Reputation: 37
i have data frame that looks like this
value
0 A067-M4FL-CAA-020
1 MRF2-050A-TFC,60 ,R-12,HT
2 moreinfo
3 MZF8-050Z-AAB
4 GoCats
5 MZA2-0580-TFD,60 ,R-669,LT
i want to be able to strip ,60 ,R-12,HT
using regex and also deletes the moreinfo
and GoCats
rows from the df.
My expected Results:
value
0 A067-M4FL-CAA-020
1 MRF2-050A-TFC
2 MZF8-050Z-AAB
3 MZA2-0580-TFD
I first removed the strings
del = ['hello', 'moreinfo']
for i in del:
df = df[value!= i]
Can somebody suggest a way to use regex to match and delete all case that do match A067-M4FL-CAA-020
or MZF8-050Z-AAB
pattern so i don't have to create a list for all possible cases?

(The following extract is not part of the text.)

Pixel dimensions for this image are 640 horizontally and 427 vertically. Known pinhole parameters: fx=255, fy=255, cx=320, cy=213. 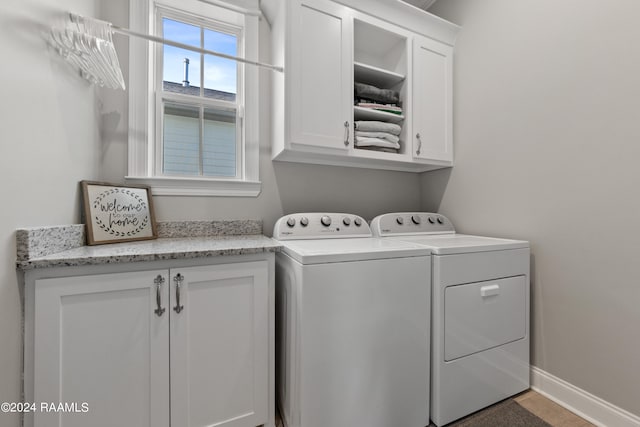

I was able to strip a single line like this but i want to be able to strip all matching cases in the dataframe
pattern = r',\w+ \,\w+-\w+\,\w+ *'
line = 'MRF2-050A-TFC,60 ,R-12,HT'
for i in re.findall(pattern, line):
line = line.replace(i,'')
>>> MRF2-050A-TFC
I tried adjusting my code but it prints out the same output for each row
pattern = r',\w+ \,\w+-\w+\,\w+ *'
for d in df:
for i in re.findall(pattern, d):
d = d.replace(i,'')
Any suggestions will be greatly appreciated. Thanks
Upvotes: 2
Views: 78
Reputation: 21739
Here's a simpler approach you can try without using regex. pandas has many in-built functions to deal with text data.
# remove unwanted values
df['value'] = df.value.str.replace(r'moreinfo|60|R-.*|HT|GoCats|\,', '')
# drop na
df = df[(df != '')].dropna()
# print
print(df)
value
0 A067-M4FL-CAA-020
1 MRF2-050A-TFC
3 MZF8-050Z-AAB
5 MZA2-0580-TFD
-----------
# data used
df = pd.read_fwf(StringIO(u'''
value
0 A067-M4FL-CAA-020
1 MRF2-050A-TFC,60 ,R-12,HT
2 moreinfo
3 MZF8-050Z-AAB
4 GoCats
5 MZA2-0580-TFD,60 ,R-669,LT'''),header=1)
Upvotes: 1
Reputation: 1236
You may try this
(?:\w+-){2,}[^,\n]*
Python scripts may be as follows
ss="""0 A067-M4FL-CAA-020
1 MRF2-050A-TFC,60 ,R-12,HT
2 moreinfo
3 MZF8-050Z-AAB
4 GoCats
5 MZA2-0580-TFD,60 ,R-669,LT"""
import re
regx=re.compile(r'(?:\w+-){2,}[^,\n]*')
m= regx.findall(ss)
for i in range(len(m)):
print("%d %s" %(i, m[i]))
and the output is
0 A067-M4FL-CAA-020
1 MRF2-050A-TFC
2 MZF8-050Z-AAB
3 MZA2-0580-TFD
Upvotes: 1
Reputation: 2981
I'd suggest capturing the data you DO want, since it's pretty particular, and the data you do NOT want could be anything.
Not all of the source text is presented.